Saturday, April 21, 2012

Kidnappings, tattooed chickens and the Turnpike: an afternoon at the State Police Museum

We Hidden New Jersey venturers always do our best to stay on the right side of the law and avoid unnecessary interaction with the authorities. Why, then, did I find myself in the presence of all things State Police?

Fear not: I did it deliberately, and legally. The New Jersey State Police Museum is nestled just off Route 29 in West Trenton, actually slightly south of Trenton, to be more accurate. Long ago I heard that the museum held the electric chair used to execute convicted Lindbergh Baby kidnapper Bruno Hauptmann as well as other notable law-enforcement memorabilia, so I figured it was worth a visit.

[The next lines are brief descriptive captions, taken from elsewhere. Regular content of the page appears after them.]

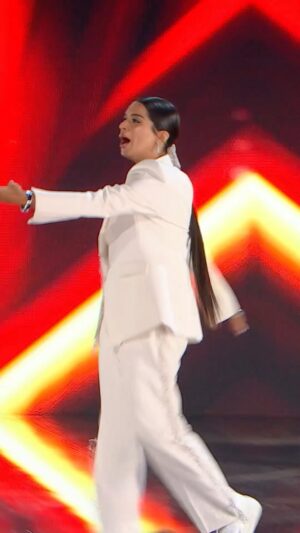 Lilly Singh Instagram - 😂 Watch until the end! My heart is weak. 🥲 This is my favourite moment from season 2 of Canada’s Got Talent. We were doing a planned shot where the judges were supposed to get up and walk backstage. As such, I left all my personal items at my desk because I knew someone from production would grab it. My parents didn’t know this, panicked and started yelling at @howiemandel that I forgot my phone. He being a sweetheart, tried to understand what they were saying. 

We had to redo the entire shot and I had to explain to the audience/crew that it was because my parents were so concerned for my belongings. It was hilarious and I felt kind of embarrassed like I was 10 years old again, but honestly, what better display of a parents love. I remember going back to my hotel room and feeling so emotional about it, because no matter which stage I’m on or how big my stardom gets, I can count on my parents to have my back… even in the smallest of ways. I wouldn’t change a thing about this moment. Love you Mom and Dad (and my uncle Howie). 

Canada’s Got Talent Season 2 premieres TONIGHT, March 21st 8/7c on @city_tv. Catch me judging alongside @howiemandel @trishstratuscom @kardinalo and our awesome host @lindsayell aka mi familia ❤️

#cgt #canadasgottalent @cangottalent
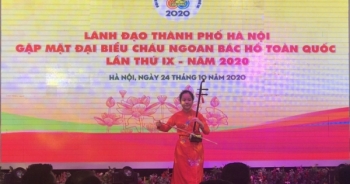 Cô bé đạt học bổng phổ thông Mỹ nhờ say mê đàn nhị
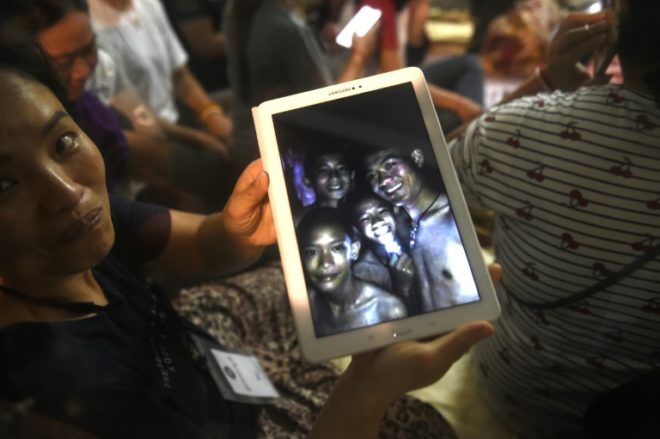 “¿Trece? ¡Genial!”: las primeras palabras a los niños atrapados en una cueva en Tailandia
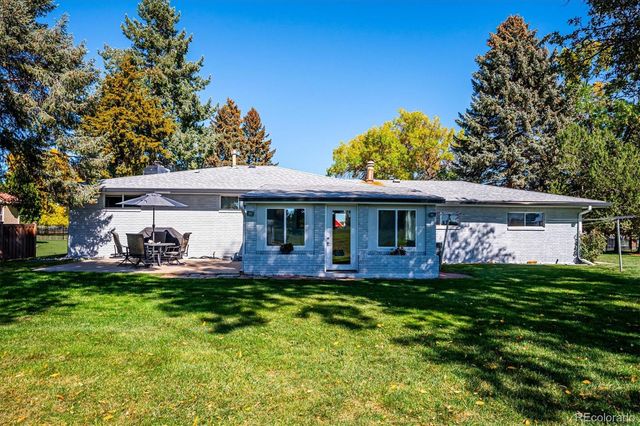 8690 W Jefferson Avenue, Lakewood, CO 80235
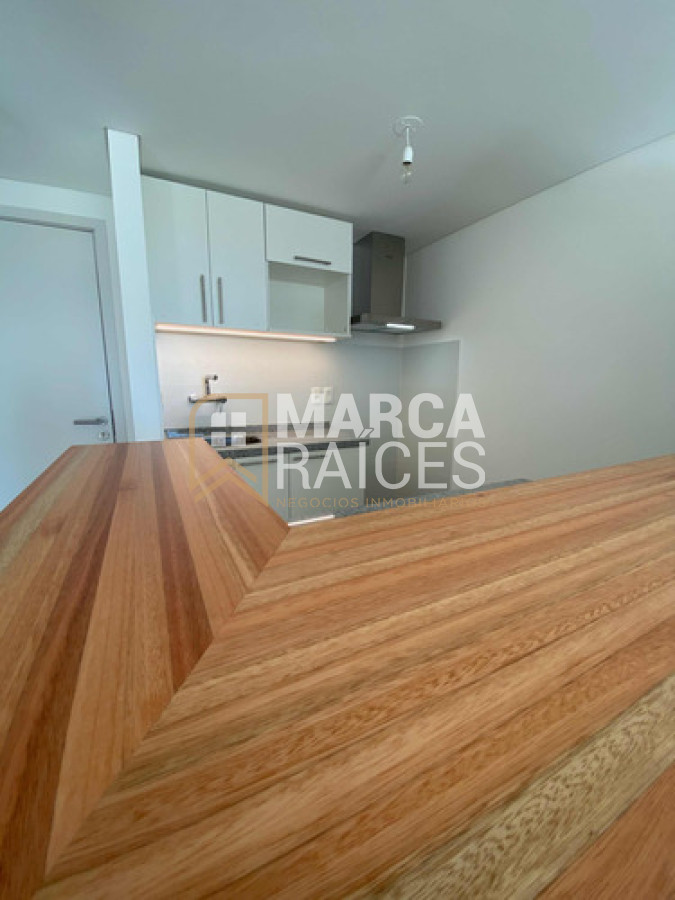 Apartamento ID.1537 - Alquiler Apartamento 1 Dormitorio Garage Montevideo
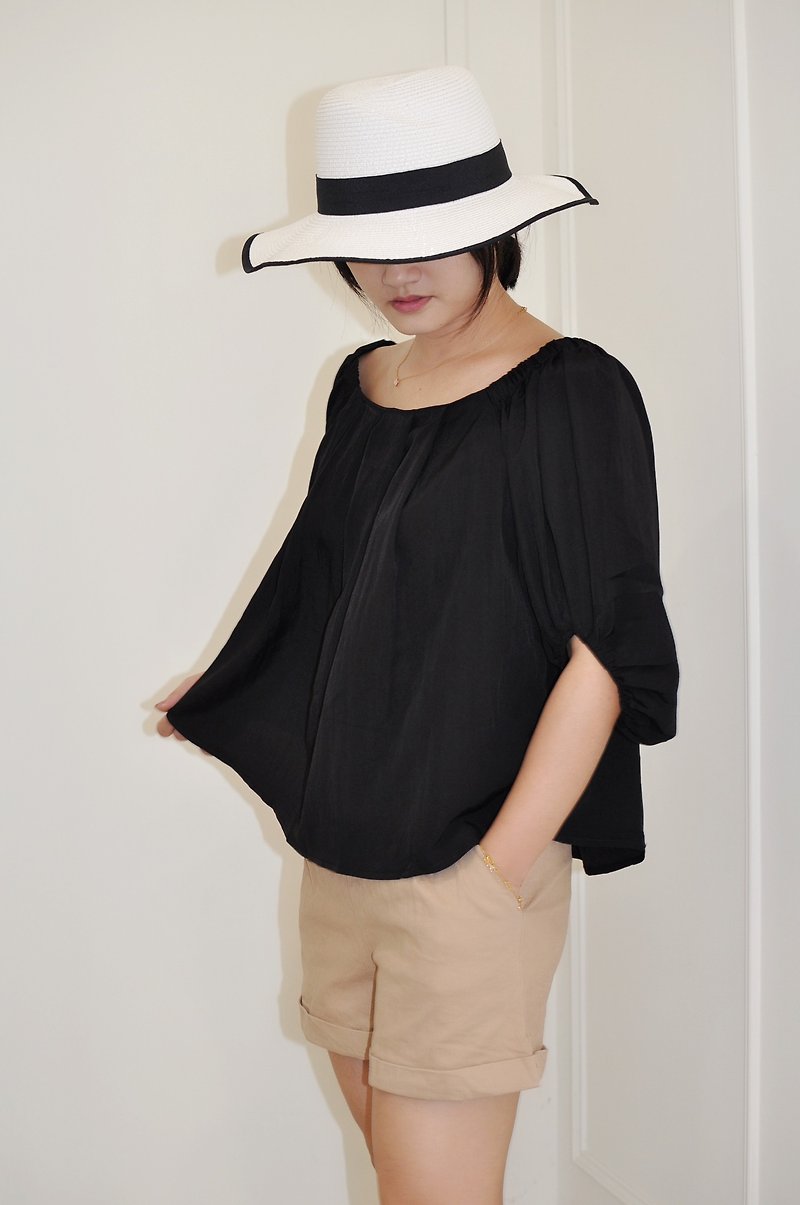 Flat 135 X Taiwan Designer Series Summer Cotton Comfortable Fabric Short Sleeve Top Flat Top - เสื้อยืดผู้หญิง - ผ้าฝ้าย/ผ้าลินิน สีดำ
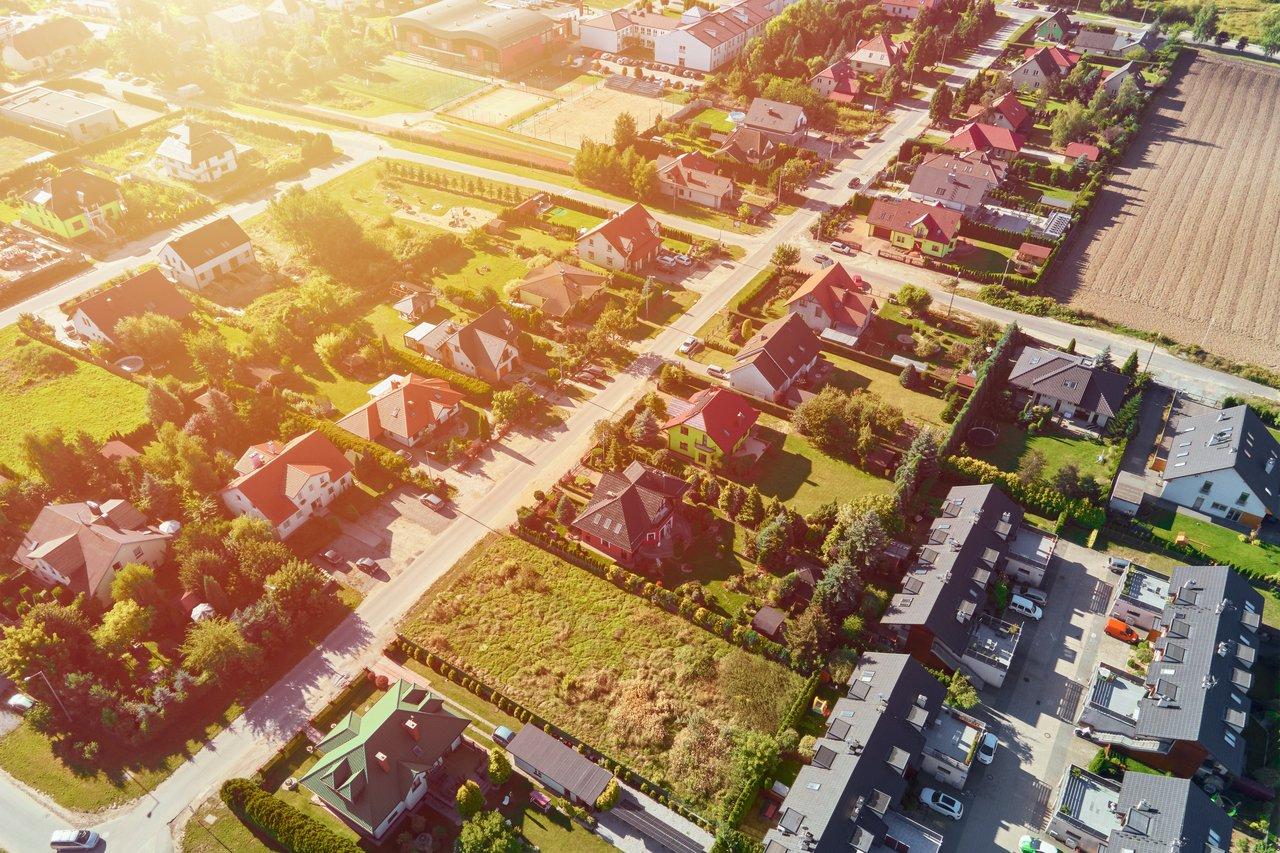 Vue aérienne d’un quartier résidentiel des Abrets au printemps, illustrant un spring residential neighborhood aerial view.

The first thing you encounter when you get there is the guard post on the driveway. You're approaching the State Police headquarters, so they want a careful inventory of visitors. I had to show identification to the guard trooper and tell him where I was going. I'd never been in the position to hand over my drivers license to a trooper, but I guess if you have to, this is the most benign reason.

It's more than a tramp stamp for your chickens:
tattooing is a way to prevent poultry poaching.
As you're walking toward the museum, you're greeted by a large golden statue of a state trooper in full uniform, accompanied by a sign asking you not to climb up and pose with it. Okay. One more checkpoint at the front door, and you're in.

NJ Turnpike
Early Turnpike memorabilia offers an interesting
view into mid-century New Jersey challenges.
Exhibits at the museum trace the history of the State Police from their origins in the early 20th century up to recent years. While most of us think of troopers mostly as a Parkway and Turnpike phenomenon, much of the early activity centered on keeping order in communities lacking their own local police forces. The same organization that works to prevent terrorism today used to guard against chicken thefts in rural New Jersey. Similarly, while troopers of the past thirty or forty years have made countless drug busts on the Turnpike, their counterparts in the 20s were focused on stopping bootleggers and moonshiners.

Law enforcement enthusiasts will get a lot out of the museum, given its exhaustive review of details including police vehicles, badges, uniforms, weapons and the like. For someone like me who's not as much into the accouterments, well, I was a bit more interested in the old Turnpike brochures, the mocked-up forensics lab and a really cool bulletproof vest designed especially for police dogs.

Oh, and the electric chair? A two-dimensional, full-sized photo was there in its place, since the real thing had been loaned out to another museum. However, the Baby Lindbergh kidnap story has a rightfully-sizable spot near the front of the museum. It was this investigation that put the State Police on the map and made them world-famous in the early 1930s. Authentic evidence including some of the ransom notes and a portion of the ladder the kidnapper used are on display, along with newspaper articles and other memorabilia.